Try it ▸ Keep to one stretch of the data below, the lines from the one with "immeuble villeneuve-sur-lot 47300" up to and including the one with "7001 Lucia Drive, Burlington, KY", and return that stretch exactly.

Records supplied ▸
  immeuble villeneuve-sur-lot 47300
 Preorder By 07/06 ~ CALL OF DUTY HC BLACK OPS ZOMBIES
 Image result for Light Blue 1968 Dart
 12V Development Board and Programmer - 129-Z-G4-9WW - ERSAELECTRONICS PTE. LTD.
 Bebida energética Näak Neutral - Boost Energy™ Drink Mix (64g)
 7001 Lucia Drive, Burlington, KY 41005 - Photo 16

--

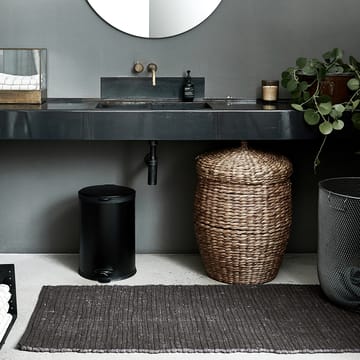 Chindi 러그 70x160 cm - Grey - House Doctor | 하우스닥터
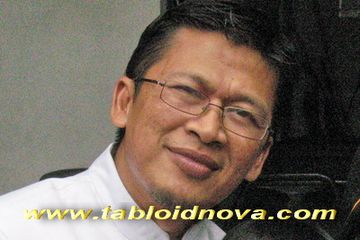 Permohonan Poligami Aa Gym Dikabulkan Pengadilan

Solution to the problem ▸
  immeuble villeneuve-sur-lot 47300
 Preorder By 07/06 ~ CALL OF DUTY HC BLACK OPS ZOMBIES
 Image result for Light Blue 1968 Dart
 12V Development Board and Programmer - 129-Z-G4-9WW - ERSAELECTRONICS PTE. LTD.
 Bebida energética Näak Neutral - Boost Energy™ Drink Mix (64g)
 7001 Lucia Drive, Burlington, KY 41005 - Photo 16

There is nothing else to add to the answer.